**Problem details**.
Quote the data below in full, minus the images.

**Input data**.
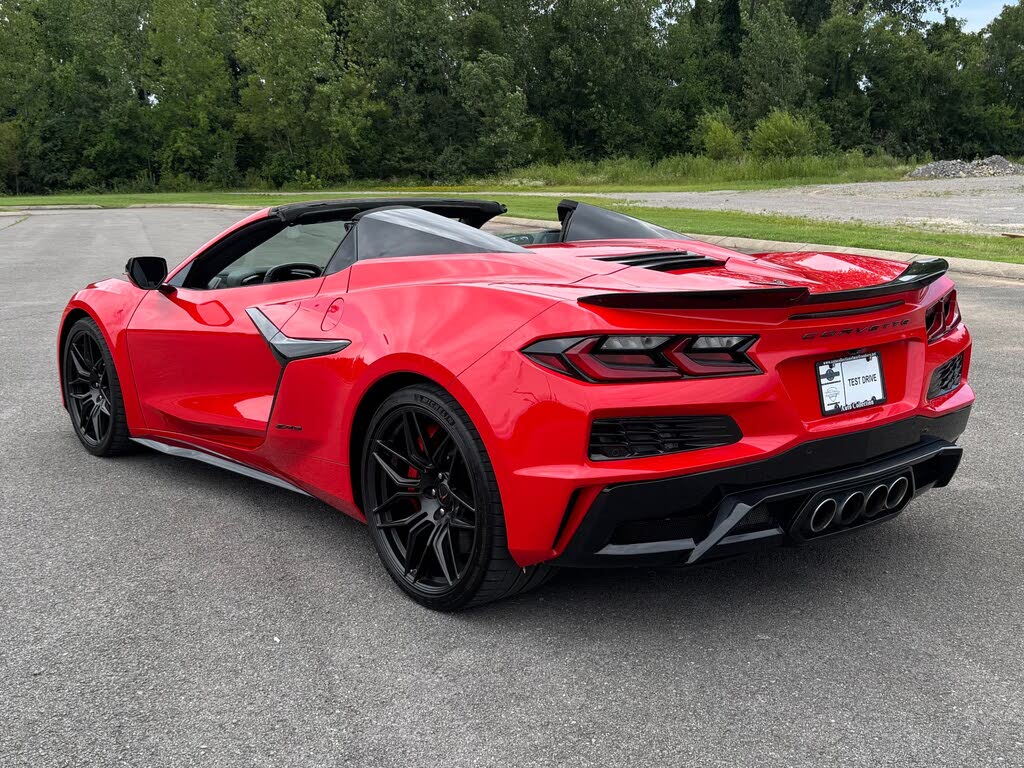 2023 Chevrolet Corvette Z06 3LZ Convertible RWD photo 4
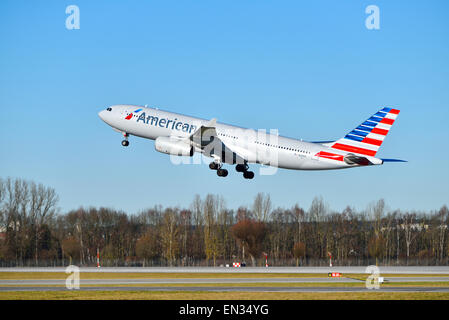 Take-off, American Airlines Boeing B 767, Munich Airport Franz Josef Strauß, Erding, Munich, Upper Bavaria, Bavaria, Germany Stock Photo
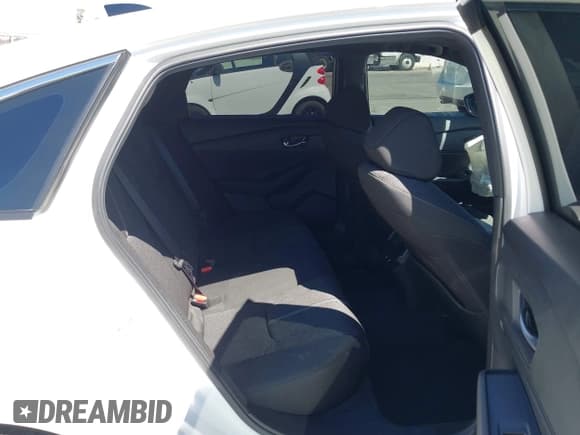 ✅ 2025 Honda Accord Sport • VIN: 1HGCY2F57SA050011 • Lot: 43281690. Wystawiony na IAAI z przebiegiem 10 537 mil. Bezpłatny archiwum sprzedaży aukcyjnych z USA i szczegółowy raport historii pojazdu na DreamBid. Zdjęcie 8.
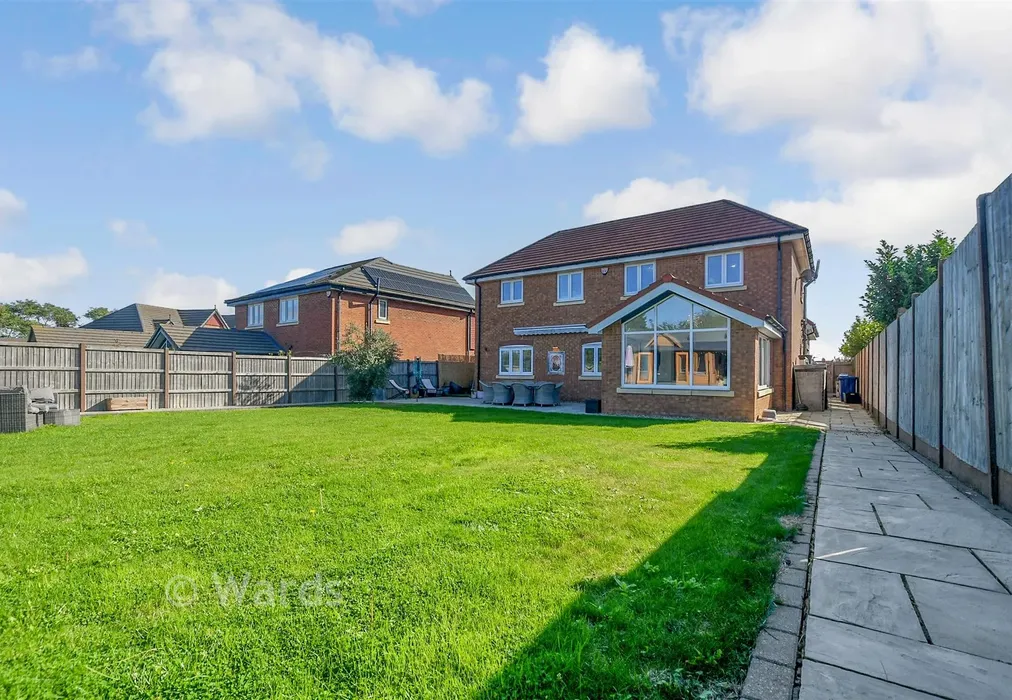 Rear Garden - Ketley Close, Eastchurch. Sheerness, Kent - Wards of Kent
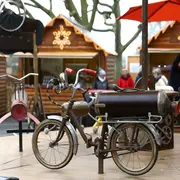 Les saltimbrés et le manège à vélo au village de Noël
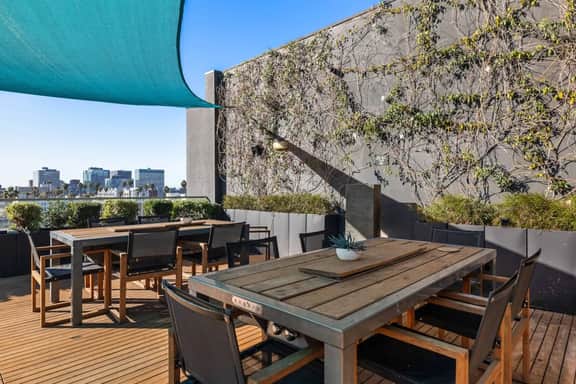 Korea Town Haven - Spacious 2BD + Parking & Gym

**Response**.
 2023 Chevrolet Corvette Z06 3LZ Convertible RWD photo 4
 Take-off, American Airlines Boeing B 767, Munich Airport Franz Josef Strauß, Erding, Munich, Upper Bavaria, Bavaria, Germany Stock Photo
 ✅ 2025 Honda Accord Sport • VIN: 1HGCY2F57SA050011 • Lot: 43281690. Wystawiony na IAAI z przebiegiem 10 537 mil. Bezpłatny archiwum sprzedaży aukcyjnych z USA i szczegółowy raport historii pojazdu na DreamBid. Zdjęcie 8.
 Rear Garden - Ketley Close, Eastchurch. Sheerness, Kent - Wards of Kent
 Les saltimbrés et le manège à vélo au village de Noël
 Korea Town Haven - Spacious 2BD + Parking & Gym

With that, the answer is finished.